• ASSIGNMENT: What you return should be only the lines in the entries below between the one holding "terapia, terapia autorska, zabieg" and the one holding "Validation with Western Blot", ends included, with every picture left out.

• RECORD EXTRACTS:
####################

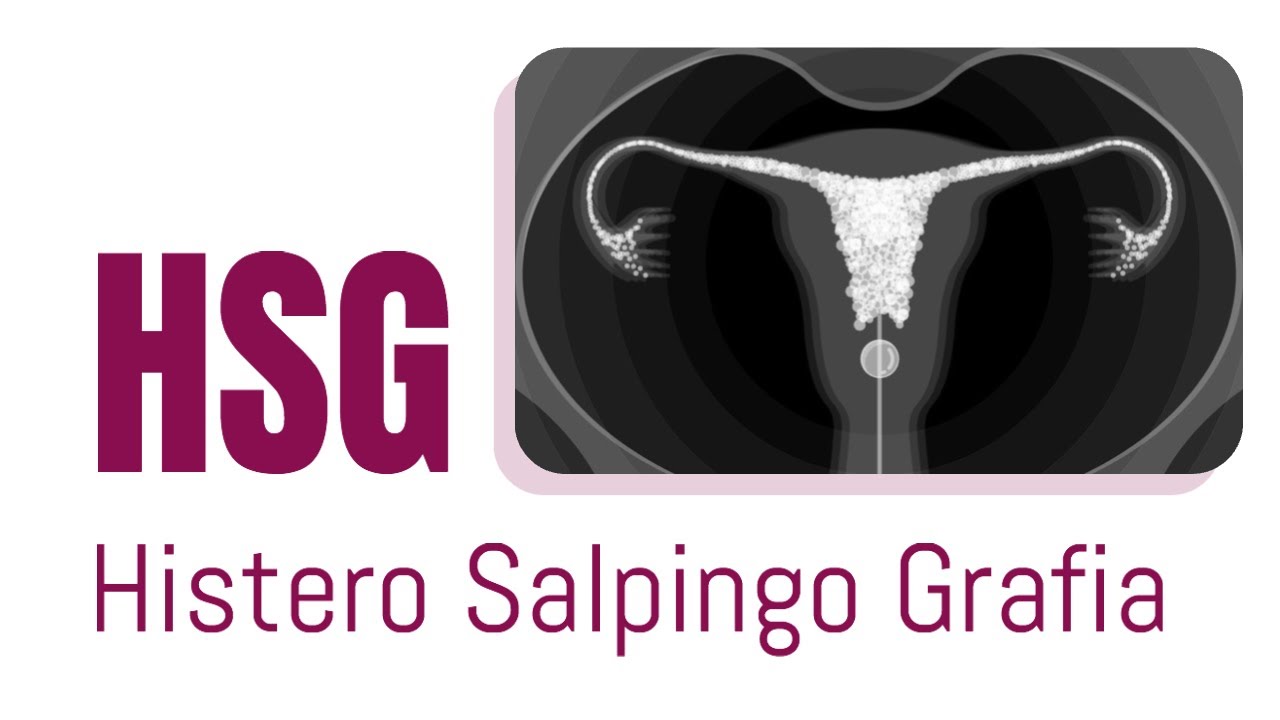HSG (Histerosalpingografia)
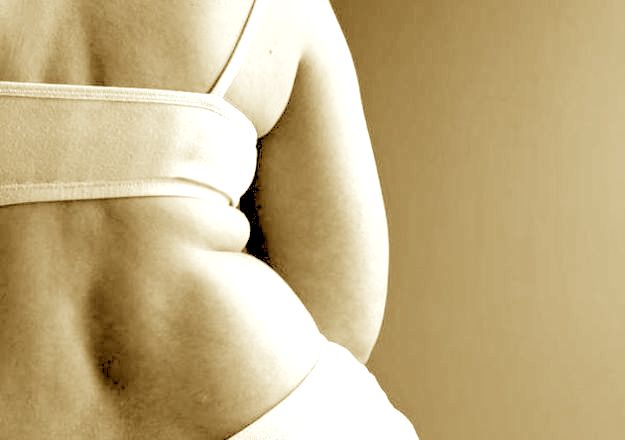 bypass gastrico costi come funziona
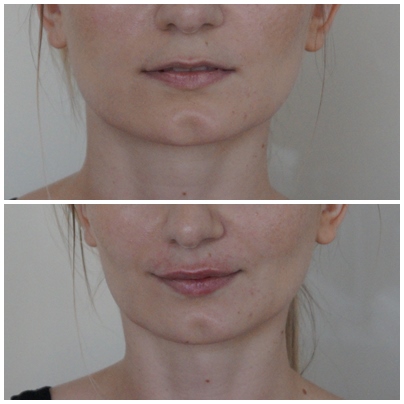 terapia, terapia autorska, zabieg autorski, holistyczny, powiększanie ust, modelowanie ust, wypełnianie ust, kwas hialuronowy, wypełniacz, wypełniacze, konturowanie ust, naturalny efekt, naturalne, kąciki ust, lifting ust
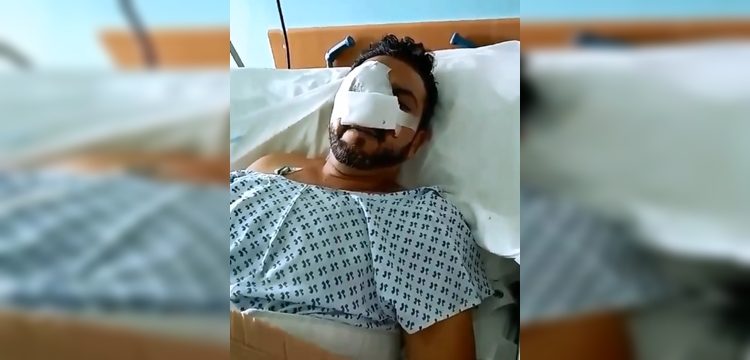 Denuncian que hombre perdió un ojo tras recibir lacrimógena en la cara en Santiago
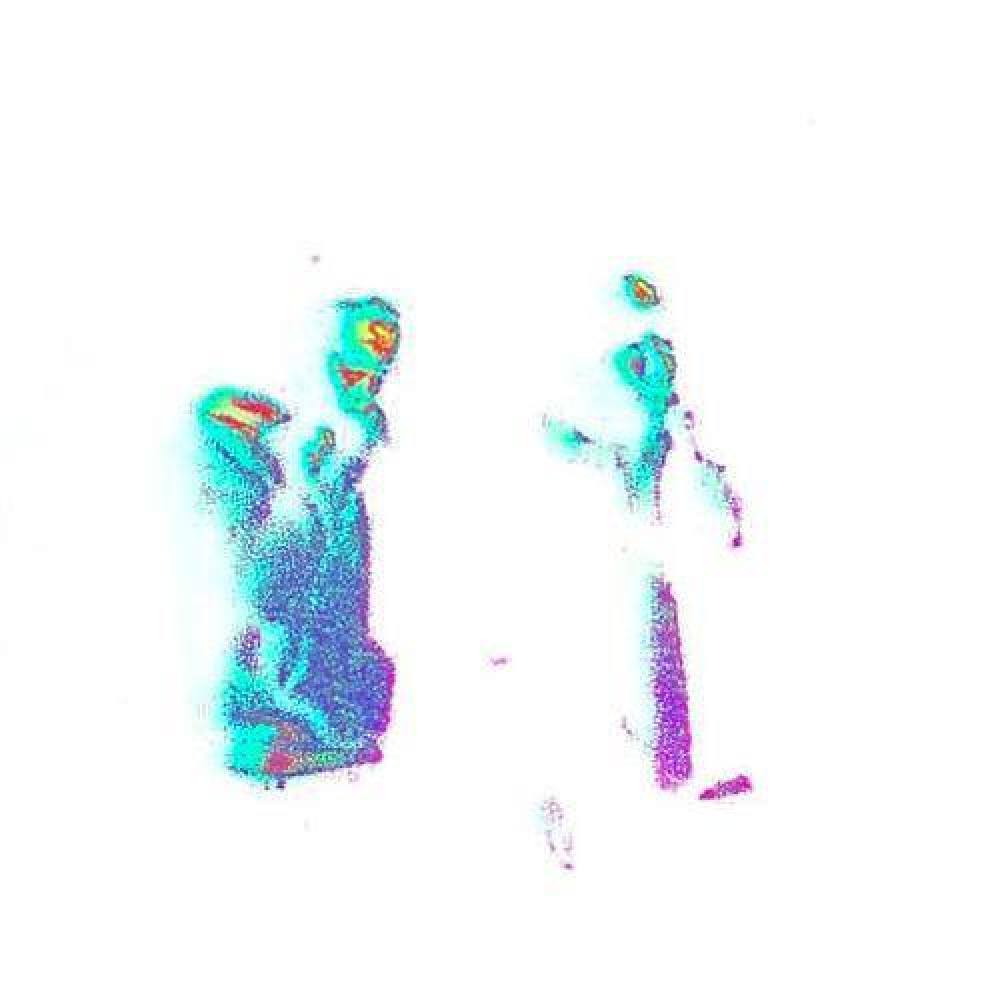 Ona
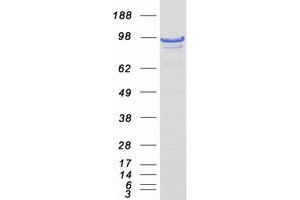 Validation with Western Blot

####################

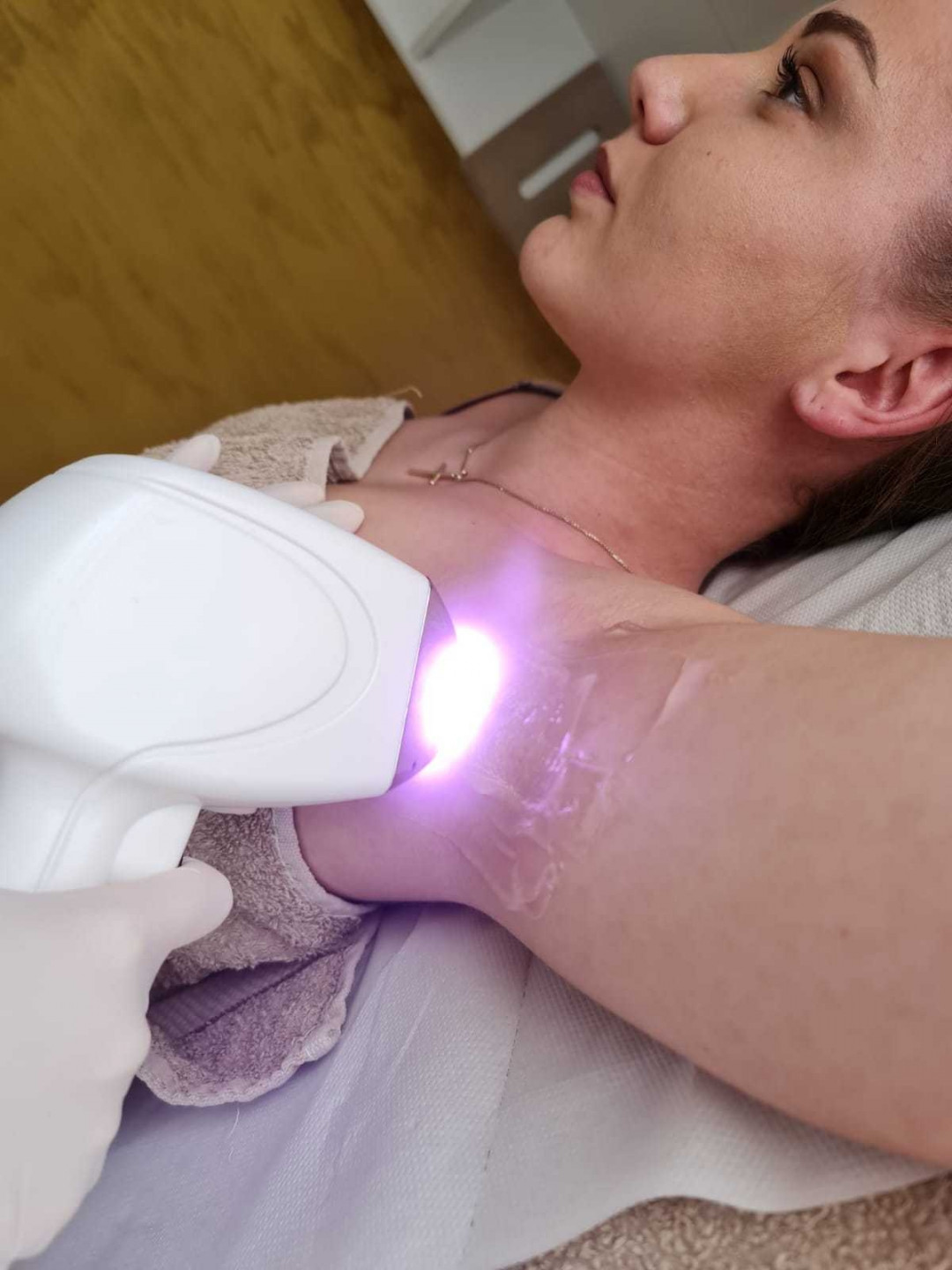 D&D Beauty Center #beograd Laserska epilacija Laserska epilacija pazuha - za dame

####################

• WRITTEN SOLUTION:
 terapia, terapia autorska, zabieg autorski, holistyczny, powiększanie ust, modelowanie ust, wypełnianie ust, kwas hialuronowy, wypełniacz, wypełniacze, konturowanie ust, naturalny efekt, naturalne, kąciki ust, lifting ust
 Denuncian que hombre perdió un ojo tras recibir lacrimógena en la cara en Santiago
 Ona
 Validation with Western Blot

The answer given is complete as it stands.